Ler significa também aceitar a existência de outras opiniões além da própria. E aceitar a sua existência não exige, sequer, compreendê-las. Significa admitir e vivenciar a ambiguidade. Por mais paradoxo que pareça: é lendo que saímos da nossa bolha. E é precisamente por isso que Toni Morrison tem toda a razão quando diz que ler é um “ato audaz e rebelde”. E assim, voltamos à questão da revolução. Se a literatura tem o potencial de fazer rebentar a nossa bolha, então a leitura passa a ser de fato um ato revolucionário. E é por isso que o debate, se e como devemos fomentar a literatura, e com ela os autores e os tradutores, não é um debate meramente político-cultural. Trata se sim de uma tarefa sócio-política essencial. A Noruega aposta na força da literatura.

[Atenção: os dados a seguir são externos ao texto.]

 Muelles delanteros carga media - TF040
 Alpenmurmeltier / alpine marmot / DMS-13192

Cada norueguês lê, em média, uns impressionantes 15 livros por ano. É dos países que mais fomentam a exportação de literatura. Também por este motivo, foi feliz a escolha que recaiu sobre a Noruega, como país convidado da Feira do Livro. É para nós um exemplo e nos incentiva a fazer com que mais literatura alemã seja traduzida. Pois, como Erik Fosnes Hansen disse muito acertadamente em vésperas da abertura da Feira do Livro: “Sem tradutores, não haveria literatura mundial”. E haveria menos compreensão, porque para que tal aconteça, temos primeiro de entender o que o outro está dizendo – e, como Ministro do Exterior, sei do que falo.

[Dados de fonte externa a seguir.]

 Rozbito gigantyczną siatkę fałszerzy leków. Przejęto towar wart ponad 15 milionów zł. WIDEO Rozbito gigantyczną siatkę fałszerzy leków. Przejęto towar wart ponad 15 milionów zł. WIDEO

Que a literatura é muito mais do que um conjunto de letras pretas em papel branco, isso nos mostra também a história da revolução na mídia. Ela teve início a poucos quilômetros daqui, em Mainz, uma espécie de Silicon Valley da Idade Média. Ali foi inventada, em 1450, a imprensa de tipos móveis. Sim, acho que é comparável. Também na altura, as pessoas reagiram com medo. Medo da utilização indevida do novo meio. Medo de que pudesse ser utilizado para manipular as pessoas. De que o conhecimento levasse à rebeldia. De que se instalasse o caos e que os poderosos perdessem o controle. Muitos desses receios nos soam estranhamente familiares. Tal como a imprensa transformou radicalmente o mundo de então, também a digitalização vai revolucionar o nosso.

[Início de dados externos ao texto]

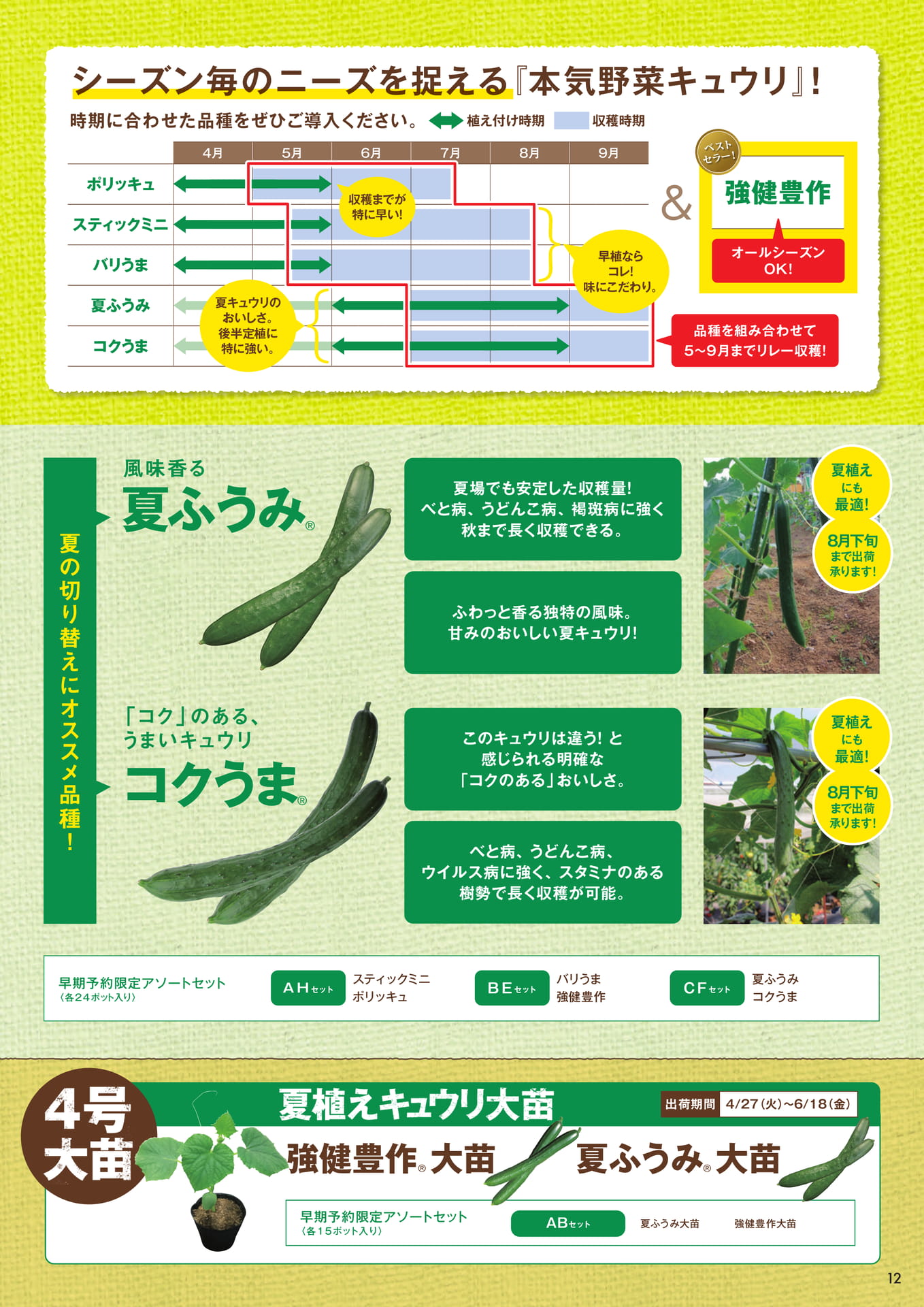 本気野菜キュウリ(3/3)(13ページ目)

Mas também é verdade que o Iluminismo, a Reforma protestante, o Humanismo, que marcam – ou pelo menos deveriam marcar – nosso pensamento até os dias de hoje, seriam impensáveis sem a imprensa. Que, de certo modo, deu uma nova formatação ao Homem. E nos catapultou da Idade Média para a Era Moderna. Assim, apesar de todos os receios que possamos ter, também a digitalização oferece a oportunidade de mudar o nosso mundo para melhor. A oportunidade de entrarmos num Iluminismo 2.0. O rumo que as sociedades tomam não depende do acaso, mas de nós. Também os algoritmos são feitos por homens e mulheres. E o comportamento de uma sociedade, também nos nossos dias, não é mais do que a soma do comportamento dos seus membros. Por isso: saiamos da nossa bolha! Discutamos qual o caminho certo – juntos, e não virados uns contra os outros! Aceitemos outros pontos de vista – não, tenhamos até mesmo a coragem de encorajá-los! Não há nada de errado em contradizer alguém! Tal como, de resto, não há nada de errado em chegar a um compromisso.
Tudo isto pode ser cansativo, incômodo e fastidioso. Mas só assim surge o espaço para que tenham lugar os encontros necessários. E só assim ela pode permanecer humana, a nossa revolução!